Saturday, January 14, 2017

Altamirano routs McDonald in all-NorCal matchup

Collin Altamirano, shown in 2014,
reached the semis of 25K Long
Beach. Photo by Paul Bauman
   Collin Altamirano and Mackenzie McDonald have much in common.
   Both are 21-year-old Northern California products with sterling NCAA credentials.
   The main difference is size. Altamirano is 6-foot-1 (1.85 meters), while McDonald is 5-10 (1.78) and weighs only 145 pounds (66 kilograms).
   Altamirano, a wild card from Sacramento, routed the fourth-seeded McDonald, who grew up in Piedmont in the San Francisco Bay Area, 6-3, 6-1 on Friday in the quarterfinals of the Legends $25,000 Tennis Tournament in Long Beach.
   Two rounds of singles were played Friday after rain wiped out play on Thursday. McDonald, who won last week's USC/Los Angeles $25,000 Tennis Tournament, dismissed U.S. qualifier Mico Santiago 6-2, 6-2 in 1 hour, 17 minutes earlier in the day.
   Altamirano had a tougher time against McDonald in the 2013 U.S. Open boys round of 16, prevailing 3-6, 6-4,
6-3. Altamirano then lost to top-seeded Alexander Zverev, a German now ranked No. 24 in the world at 19 years old and touted by Rafael Nadal as a future No. 1.
   Both Altamirano and McDonald won NCAA titles last year. Altamirano helped Virginia win its second consecutive team championship as a sophomore. He is returning to the team this season. McDonald swept the NCAA singles and doubles crowns as a UCLA junior, then turned pro.

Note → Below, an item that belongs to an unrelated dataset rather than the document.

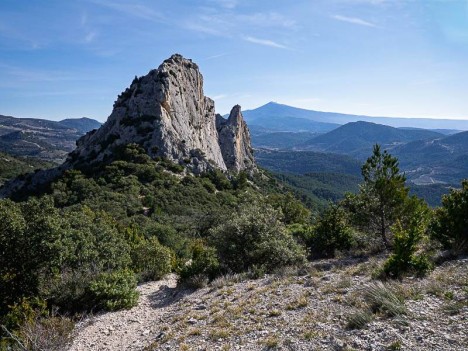 Dentelles de Montmirail, le Devès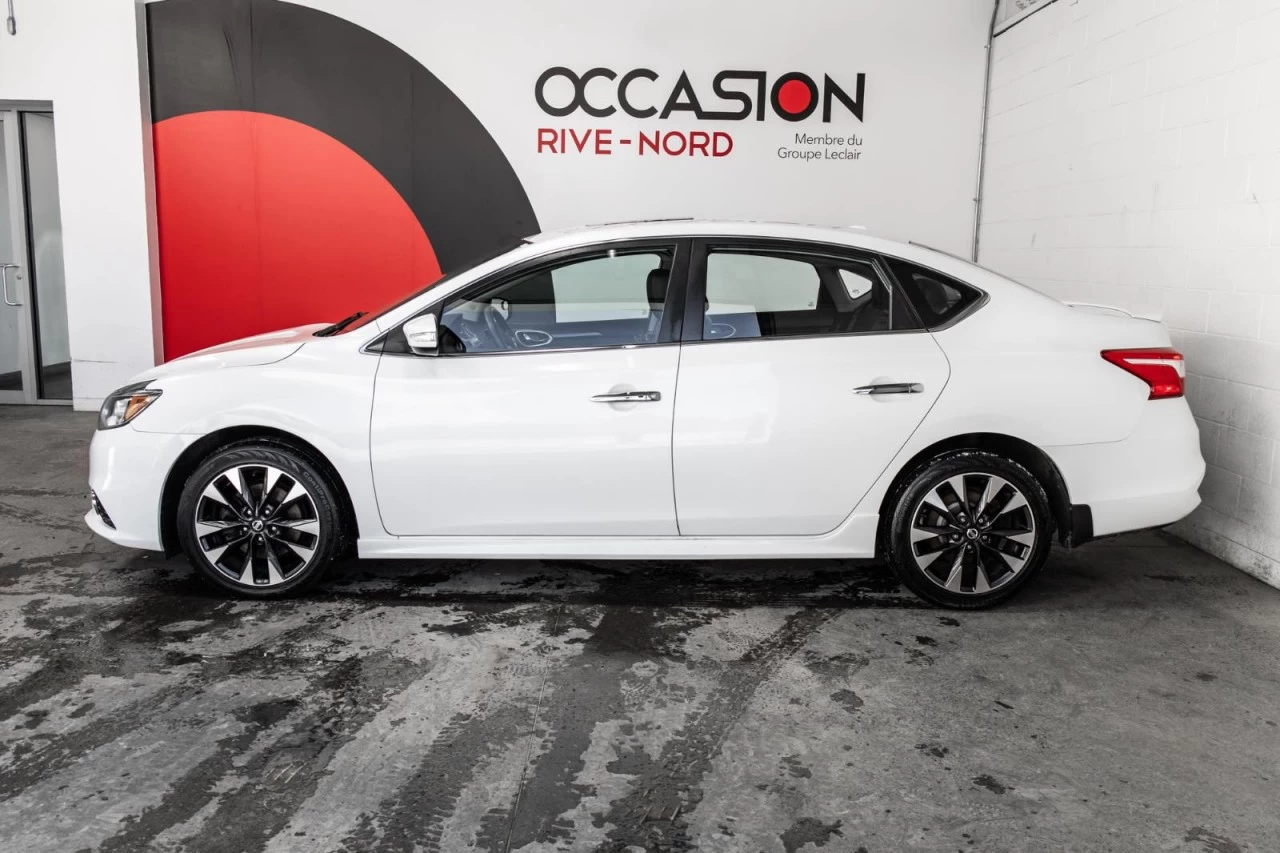 2017 Nissan Sentra SR NAVI+TOIT.OUVRANT+CUIR+SIEGES.CHAUFF+CAM.RECUL Main Image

   Altamirano will meet his Virginia teammate, freshman Carl Soderlund of Sweden, for the second straight week. Soderlund won 7-6 (7), 6-3 in the Los Angeles quarterfinals en route to the final.
   Soderlund, seeded No. 8 in Long Beach, upset No. 1 Tommy Paul of Boca Raton, Fla., 6-3, 7-5 in Friday's quarterfinals. In 2015, Paul joined John McEnroe (1977) and Bjorn Fratangelo (2011) as the only Americans in the Open Era (since 1968) to win the French Open boys singles title.  
   In the other semifinal, Marcos Giron, the 2014 NCAA singles champion from UCLA, will face Sebastian Fanselow, a former Pepperdine All-American from Germany.